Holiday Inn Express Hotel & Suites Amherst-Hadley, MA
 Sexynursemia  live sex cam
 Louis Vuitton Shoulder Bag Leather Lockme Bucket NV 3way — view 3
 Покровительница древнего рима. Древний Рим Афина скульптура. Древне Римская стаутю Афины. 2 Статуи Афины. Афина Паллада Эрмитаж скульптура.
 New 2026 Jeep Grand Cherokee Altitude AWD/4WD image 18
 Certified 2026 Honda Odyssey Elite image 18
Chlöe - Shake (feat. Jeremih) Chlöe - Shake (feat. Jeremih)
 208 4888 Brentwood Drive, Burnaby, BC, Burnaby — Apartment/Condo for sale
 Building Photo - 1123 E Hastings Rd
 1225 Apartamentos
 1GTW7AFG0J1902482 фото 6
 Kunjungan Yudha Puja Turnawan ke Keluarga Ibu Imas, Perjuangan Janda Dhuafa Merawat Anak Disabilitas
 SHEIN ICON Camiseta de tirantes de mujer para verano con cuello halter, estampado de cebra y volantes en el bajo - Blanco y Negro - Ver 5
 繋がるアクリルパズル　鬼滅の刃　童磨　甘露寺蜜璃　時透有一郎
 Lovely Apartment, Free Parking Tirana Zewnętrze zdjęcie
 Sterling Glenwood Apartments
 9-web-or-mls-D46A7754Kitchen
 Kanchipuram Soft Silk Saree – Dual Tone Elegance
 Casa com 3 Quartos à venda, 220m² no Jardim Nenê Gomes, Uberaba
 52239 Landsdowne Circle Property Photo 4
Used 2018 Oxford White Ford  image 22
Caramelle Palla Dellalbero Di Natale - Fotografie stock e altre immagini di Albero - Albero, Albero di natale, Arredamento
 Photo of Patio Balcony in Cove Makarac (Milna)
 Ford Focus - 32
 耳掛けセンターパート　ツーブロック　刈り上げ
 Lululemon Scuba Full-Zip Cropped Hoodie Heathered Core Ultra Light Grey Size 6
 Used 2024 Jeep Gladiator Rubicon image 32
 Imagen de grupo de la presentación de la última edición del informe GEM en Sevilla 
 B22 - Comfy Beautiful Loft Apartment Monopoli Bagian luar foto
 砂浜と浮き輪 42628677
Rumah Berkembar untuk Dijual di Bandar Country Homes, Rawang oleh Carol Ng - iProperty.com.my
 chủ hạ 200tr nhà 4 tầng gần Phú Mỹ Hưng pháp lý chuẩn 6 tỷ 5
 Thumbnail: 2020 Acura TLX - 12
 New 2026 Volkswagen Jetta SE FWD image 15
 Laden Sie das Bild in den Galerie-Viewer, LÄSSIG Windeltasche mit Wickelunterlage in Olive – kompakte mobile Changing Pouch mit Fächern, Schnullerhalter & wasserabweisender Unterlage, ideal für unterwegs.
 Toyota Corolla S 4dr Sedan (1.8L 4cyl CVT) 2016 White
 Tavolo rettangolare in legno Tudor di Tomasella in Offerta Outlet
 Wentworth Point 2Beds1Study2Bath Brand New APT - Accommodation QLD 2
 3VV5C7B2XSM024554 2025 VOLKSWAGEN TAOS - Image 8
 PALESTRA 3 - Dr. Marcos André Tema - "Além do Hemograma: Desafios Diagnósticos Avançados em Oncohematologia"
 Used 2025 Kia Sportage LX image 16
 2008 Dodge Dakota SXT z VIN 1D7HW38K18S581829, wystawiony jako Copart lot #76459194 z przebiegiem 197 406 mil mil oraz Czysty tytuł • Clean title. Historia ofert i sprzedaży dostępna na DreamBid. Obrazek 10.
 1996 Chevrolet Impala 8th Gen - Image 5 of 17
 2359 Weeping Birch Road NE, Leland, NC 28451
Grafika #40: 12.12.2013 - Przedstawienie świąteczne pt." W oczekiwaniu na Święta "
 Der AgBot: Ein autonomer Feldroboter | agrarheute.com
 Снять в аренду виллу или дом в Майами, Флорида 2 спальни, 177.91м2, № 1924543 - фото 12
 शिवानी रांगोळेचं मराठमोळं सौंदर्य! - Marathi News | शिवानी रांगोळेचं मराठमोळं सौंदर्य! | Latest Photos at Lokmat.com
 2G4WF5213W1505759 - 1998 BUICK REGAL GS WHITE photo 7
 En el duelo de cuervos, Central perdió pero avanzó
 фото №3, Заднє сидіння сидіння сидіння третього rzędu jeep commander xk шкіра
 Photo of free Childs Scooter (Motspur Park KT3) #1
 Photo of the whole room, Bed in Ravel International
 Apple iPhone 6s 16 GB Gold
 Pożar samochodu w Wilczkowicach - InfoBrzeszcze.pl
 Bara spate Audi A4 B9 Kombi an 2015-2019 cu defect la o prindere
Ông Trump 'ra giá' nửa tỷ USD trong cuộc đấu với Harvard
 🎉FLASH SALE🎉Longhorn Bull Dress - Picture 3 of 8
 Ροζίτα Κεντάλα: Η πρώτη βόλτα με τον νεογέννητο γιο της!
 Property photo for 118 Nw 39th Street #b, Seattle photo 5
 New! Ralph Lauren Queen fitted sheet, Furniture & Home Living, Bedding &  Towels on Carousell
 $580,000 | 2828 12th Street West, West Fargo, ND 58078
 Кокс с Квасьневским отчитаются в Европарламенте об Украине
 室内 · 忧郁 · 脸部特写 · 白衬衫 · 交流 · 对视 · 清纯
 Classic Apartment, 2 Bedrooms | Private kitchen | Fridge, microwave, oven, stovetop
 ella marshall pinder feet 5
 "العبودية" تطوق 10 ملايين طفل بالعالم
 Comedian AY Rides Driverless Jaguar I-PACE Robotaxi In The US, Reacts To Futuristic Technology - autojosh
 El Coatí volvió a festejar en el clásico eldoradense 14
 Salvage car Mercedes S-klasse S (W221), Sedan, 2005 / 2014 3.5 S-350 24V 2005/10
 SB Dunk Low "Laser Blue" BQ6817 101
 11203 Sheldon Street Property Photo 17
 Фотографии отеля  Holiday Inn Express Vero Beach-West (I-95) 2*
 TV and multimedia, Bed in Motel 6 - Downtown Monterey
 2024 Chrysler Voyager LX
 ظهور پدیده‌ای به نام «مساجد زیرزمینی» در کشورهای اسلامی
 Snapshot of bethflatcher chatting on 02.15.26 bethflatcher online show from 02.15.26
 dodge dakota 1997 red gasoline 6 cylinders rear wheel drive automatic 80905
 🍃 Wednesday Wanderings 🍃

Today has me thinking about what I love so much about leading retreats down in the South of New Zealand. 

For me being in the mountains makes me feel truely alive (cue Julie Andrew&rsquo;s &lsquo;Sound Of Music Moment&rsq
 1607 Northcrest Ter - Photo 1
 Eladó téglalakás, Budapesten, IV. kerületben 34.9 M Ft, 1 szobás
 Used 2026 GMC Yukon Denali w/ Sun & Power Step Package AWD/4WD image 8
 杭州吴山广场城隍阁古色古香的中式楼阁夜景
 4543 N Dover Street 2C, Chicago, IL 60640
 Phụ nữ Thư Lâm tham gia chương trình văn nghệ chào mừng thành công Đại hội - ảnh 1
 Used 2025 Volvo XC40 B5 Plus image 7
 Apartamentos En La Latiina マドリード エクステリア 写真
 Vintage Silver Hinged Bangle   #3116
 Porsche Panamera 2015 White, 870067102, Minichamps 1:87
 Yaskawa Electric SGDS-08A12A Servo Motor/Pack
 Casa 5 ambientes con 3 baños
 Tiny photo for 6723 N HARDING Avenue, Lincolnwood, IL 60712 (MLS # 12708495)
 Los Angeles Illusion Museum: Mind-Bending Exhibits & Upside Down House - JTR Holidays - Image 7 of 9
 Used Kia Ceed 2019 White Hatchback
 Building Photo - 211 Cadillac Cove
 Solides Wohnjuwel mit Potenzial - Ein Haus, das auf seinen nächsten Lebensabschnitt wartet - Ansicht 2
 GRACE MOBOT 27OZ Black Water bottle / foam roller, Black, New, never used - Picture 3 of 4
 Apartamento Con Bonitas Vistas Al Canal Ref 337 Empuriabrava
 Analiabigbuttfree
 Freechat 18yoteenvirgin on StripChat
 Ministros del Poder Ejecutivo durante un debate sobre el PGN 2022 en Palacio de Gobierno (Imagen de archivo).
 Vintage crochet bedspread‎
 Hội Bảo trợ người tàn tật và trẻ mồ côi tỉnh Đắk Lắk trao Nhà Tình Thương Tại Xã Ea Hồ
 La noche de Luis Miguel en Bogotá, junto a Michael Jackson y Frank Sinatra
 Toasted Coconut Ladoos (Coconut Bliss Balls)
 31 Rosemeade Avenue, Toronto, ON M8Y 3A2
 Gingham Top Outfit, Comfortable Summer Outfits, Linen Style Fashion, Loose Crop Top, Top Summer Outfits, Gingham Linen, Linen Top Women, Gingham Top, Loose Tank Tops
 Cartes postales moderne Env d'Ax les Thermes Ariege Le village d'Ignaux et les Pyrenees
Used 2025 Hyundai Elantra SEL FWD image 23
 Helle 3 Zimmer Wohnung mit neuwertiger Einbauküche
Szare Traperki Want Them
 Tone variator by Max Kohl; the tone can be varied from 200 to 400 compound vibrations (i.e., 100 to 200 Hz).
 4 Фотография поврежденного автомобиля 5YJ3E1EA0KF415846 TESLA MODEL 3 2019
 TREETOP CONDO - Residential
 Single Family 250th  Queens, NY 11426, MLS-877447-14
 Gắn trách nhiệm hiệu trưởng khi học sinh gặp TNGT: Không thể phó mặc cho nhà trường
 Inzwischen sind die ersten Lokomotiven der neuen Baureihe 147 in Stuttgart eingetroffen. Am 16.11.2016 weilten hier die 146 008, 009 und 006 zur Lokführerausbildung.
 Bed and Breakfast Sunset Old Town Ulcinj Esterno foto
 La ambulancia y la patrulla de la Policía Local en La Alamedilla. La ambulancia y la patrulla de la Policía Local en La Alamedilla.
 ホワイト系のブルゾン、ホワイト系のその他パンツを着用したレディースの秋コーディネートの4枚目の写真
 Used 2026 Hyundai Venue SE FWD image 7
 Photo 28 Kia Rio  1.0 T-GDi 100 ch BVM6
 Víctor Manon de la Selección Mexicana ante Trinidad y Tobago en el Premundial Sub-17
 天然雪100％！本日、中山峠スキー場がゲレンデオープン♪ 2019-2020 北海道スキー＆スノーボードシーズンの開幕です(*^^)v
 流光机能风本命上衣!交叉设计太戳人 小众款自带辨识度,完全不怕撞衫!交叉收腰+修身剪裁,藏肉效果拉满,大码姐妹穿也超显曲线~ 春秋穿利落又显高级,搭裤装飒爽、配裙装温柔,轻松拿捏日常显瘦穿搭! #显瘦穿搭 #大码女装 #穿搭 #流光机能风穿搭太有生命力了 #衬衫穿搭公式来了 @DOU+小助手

========

• Exercise directions: Retype exactly, and only, the lines above from the one where "Analiabigbuttfree" occurs up to and including the one where "Szare Traperki Want Them" occurs.

• Task solution:
 Analiabigbuttfree
 Freechat 18yoteenvirgin on StripChat
 Ministros del Poder Ejecutivo durante un debate sobre el PGN 2022 en Palacio de Gobierno (Imagen de archivo).
 Vintage crochet bedspread‎
 Hội Bảo trợ người tàn tật và trẻ mồ côi tỉnh Đắk Lắk trao Nhà Tình Thương Tại Xã Ea Hồ
 La noche de Luis Miguel en Bogotá, junto a Michael Jackson y Frank Sinatra
 Toasted Coconut Ladoos (Coconut Bliss Balls)
 31 Rosemeade Avenue, Toronto, ON M8Y 3A2
 Gingham Top Outfit, Comfortable Summer Outfits, Linen Style Fashion, Loose Crop Top, Top Summer Outfits, Gingham Linen, Linen Top Women, Gingham Top, Loose Tank Tops
 Cartes postales moderne Env d'Ax les Thermes Ariege Le village d'Ignaux et les Pyrenees
Used 2025 Hyundai Elantra SEL FWD image 23
 Helle 3 Zimmer Wohnung mit neuwertiger Einbauküche
Szare Traperki Want Them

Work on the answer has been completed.